Kathmandu, October 30:

Asian Development Bank (ADB) has declared that a loan and grant package totaling $100 million would support a comprehensive reform programme to improve access of rural households to financial services in Nepal.

The comprehensive package, as per the ADB, will help increase access to reliable and affordable financial services to rural people, allowing them to enjoy the opportunities of a reviving economy, said ADB in its statement.

Despite rural poverty in Nepal having been on the decline mainly due to larger remittance inflows, about 95 per cent of the country’s poor continue to live in rural areas. Access to institutional financial services in Nepal is severely limited, reaching only 28 per cent of the population.

This can be solved, ADB said, by revitalizing the network of rural finance institutions.
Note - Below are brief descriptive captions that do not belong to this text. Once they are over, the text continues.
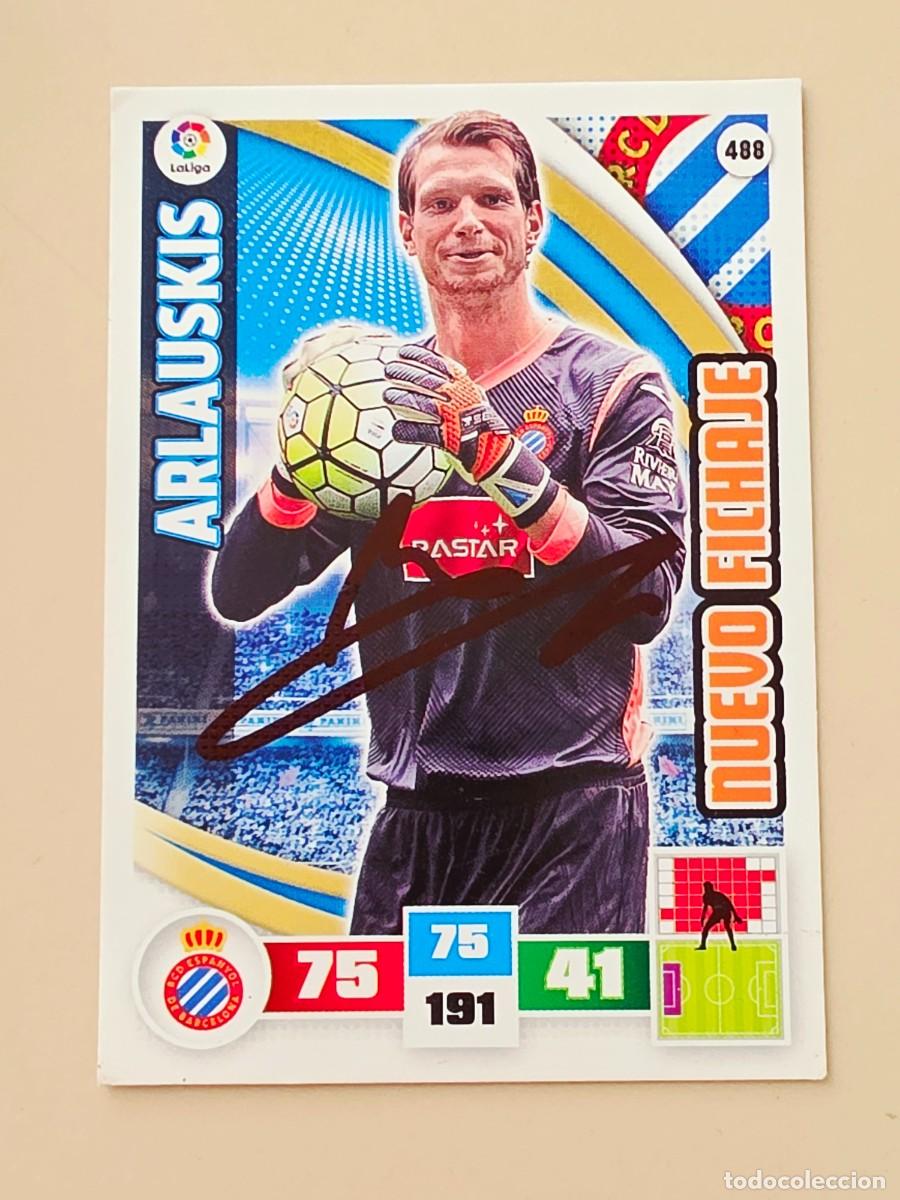 Cromos de f&uacute;tbol: Cromo firmado de Arlauskis con aut&oacute;grafo, RCD Espanyol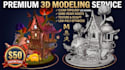create 3d game asset with texture and studio light setup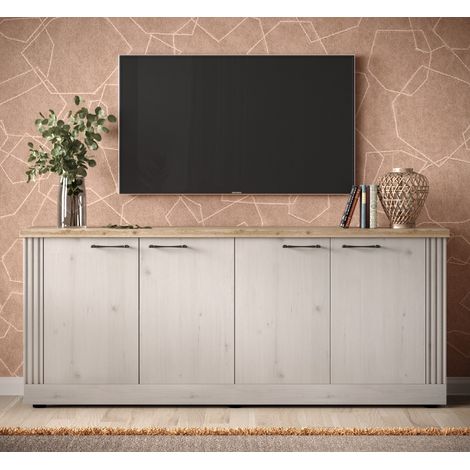 Buffet moderne 4 portes coloris chêne naturel 210cm YANIS (1/5)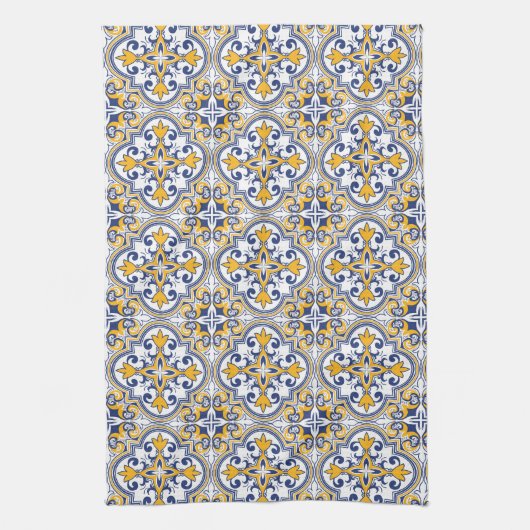 💙 mooie blauwe en gele Azulejos 9 Theedoek (Verticaal)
However, a high-risk profile, restrictive policies, and security concerns, along with difficult terrain, inhibit the growth of private institutional rural finance services, says ADB. “Wider sectoral reform is needed to address bottlenecks to growth of efficient rural finance services for the poor,” Mayumi Ozaki, an ADB finance specialist was quoted as saying in ADB’s statement.

The Rural Finance Sector Development Cluster Programme (RSDCP) comprises of two subgroups, the first of which aims to consolidate the fragmented rural finance regulatory framework, commercialise rural finance institutions, and strengthen the capabilities of rural finance service providers, said the ADB statement.

ADB added, “This subprogramme backed by a $56 million loan from ADB’s concessional Asian Development Fund (ADF), should create an environment that stimulates growth of rural finance through policy, legal, regulatory and institutional reforms.”

The loan carries a 24-year term including an eight-year grace period and an annual interest charge of one per cent during the grace period and 1.5 per cent afterwards, said ADB. A second loan, which could total $35 million, will be prepared in 2009, according to ADB.

Funds from this first loan will be used to re-capitalize the Agricultural Development Bank Ltd (ADBL), the third largest bank in the country that, despite its institutional weaknesses, remains the single most important institution in the rural sector.

An $8.7 million grant, also from the ADF, complements the reform efforts by supporting restructuring of ADBL and, the Small Farmers Development Bank, an institution catering to cooperatives of small farmers. It will also establish a training institute in banking and finance and support product and process innovations.

The second sub-programme, after satisfactory completion of the first one in 2008, will continue to promote reforms, expand reach of commercial-based rural finance services, and support privatisation of important rural finance institutions, including ADBL.

In addition, a $500,000 technical assistance grant from the Japan Special Fund from the government of Japan, will ensure quality inputs from experts on ADBL restructuring in line with international best practices, says ADB. The ministry of finance is the executing agency for the entire programme, which will be carried out until 2011.